EXTRACTED MATERIAL:
-------------------------
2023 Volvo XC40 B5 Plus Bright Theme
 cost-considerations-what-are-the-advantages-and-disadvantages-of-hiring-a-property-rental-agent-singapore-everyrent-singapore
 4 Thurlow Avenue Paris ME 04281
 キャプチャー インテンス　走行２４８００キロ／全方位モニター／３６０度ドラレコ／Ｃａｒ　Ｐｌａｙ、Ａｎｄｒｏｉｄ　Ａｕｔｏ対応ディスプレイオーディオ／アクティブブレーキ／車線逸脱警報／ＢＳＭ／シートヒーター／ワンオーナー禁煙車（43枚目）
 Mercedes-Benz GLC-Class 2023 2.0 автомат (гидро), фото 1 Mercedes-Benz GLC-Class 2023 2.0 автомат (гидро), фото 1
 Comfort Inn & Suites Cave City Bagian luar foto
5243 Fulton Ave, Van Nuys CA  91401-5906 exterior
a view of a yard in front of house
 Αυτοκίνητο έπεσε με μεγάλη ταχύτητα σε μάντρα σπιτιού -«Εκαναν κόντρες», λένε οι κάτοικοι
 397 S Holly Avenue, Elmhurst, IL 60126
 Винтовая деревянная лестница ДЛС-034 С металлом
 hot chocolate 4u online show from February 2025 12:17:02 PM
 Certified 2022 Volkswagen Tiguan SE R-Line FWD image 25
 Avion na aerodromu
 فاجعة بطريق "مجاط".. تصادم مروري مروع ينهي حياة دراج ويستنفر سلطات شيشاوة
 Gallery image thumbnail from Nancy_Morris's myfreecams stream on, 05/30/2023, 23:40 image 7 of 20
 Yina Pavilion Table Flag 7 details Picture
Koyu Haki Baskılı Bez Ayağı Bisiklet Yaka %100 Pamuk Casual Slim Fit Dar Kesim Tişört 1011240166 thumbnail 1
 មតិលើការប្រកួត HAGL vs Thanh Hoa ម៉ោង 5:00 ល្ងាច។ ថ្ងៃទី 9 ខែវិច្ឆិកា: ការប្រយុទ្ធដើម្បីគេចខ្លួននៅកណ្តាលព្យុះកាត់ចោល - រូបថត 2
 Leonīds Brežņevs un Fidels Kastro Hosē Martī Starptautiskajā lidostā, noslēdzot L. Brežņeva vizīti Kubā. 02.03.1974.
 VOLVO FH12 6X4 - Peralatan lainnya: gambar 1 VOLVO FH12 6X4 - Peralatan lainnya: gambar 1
-------------------------
ACTION ITEM:
Find every line of the data that includes the string "thumbnail". Copy each of those lines.

EXERCISE SOLUTION:
 Gallery image thumbnail from Nancy_Morris's myfreecams stream on, 05/30/2023, 23:40 image 7 of 20
Koyu Haki Baskılı Bez Ayağı Bisiklet Yaka %100 Pamuk Casual Slim Fit Dar Kesim Tişört 1011240166 thumbnail 1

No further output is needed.